Monticello - A Novel of a Daughter and Her Father - Sally Cabot Gunning ~ Impressive ~

A birthday present book that I bumped ahead of my ARC I was supposed to be reading for two days. I thought this book was awesome as was a previous book by Sally Cabot, "Benjamin Franklin's Bastard" - great fiction based on accurate and known facts.

Not an expose as such,  but letters between Martha and some of her peers suggest that she had a love interest in William Short a protégé of Thomas Jefferson. If that was not the case then they were very close lifelong friends. Martha's life with Thomas Randolph was not easy although  they had twelve children together, they lived apart for  the last years of Randolph's life.

The author allowed Martha as the main character of this work to rationalize away, for many years her father's relationship with Sally Hemings. She was aware that it was likely that  Sally Hemings was her mother's half sibling.

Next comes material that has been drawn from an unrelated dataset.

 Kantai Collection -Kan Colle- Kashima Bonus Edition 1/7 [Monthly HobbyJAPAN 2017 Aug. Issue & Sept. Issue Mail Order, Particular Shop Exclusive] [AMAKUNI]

When she went to Washington to act as her father's "First Lady" for a short time she was confronted with  associates who queried her about her father's liaison with Sally Hemings. Upon returning to Monticello she decided that in the South such things were not talked about. 

One time she came upon her father and Sally in her father's room at night, a fact that made clear to her that at least one child  belonged to her father. The contents of her father's will also made that clear but although she discussed the will with her father they did not discuss what his actual relationship was to the Hemings children.

After her father's  death she relocated herself away from Thomas Randolph but apparently was at his deathbed when he passed away. I appreciate the allusion that she may have resumed a relationship with William Short.

I recommend this book wholeheartedly.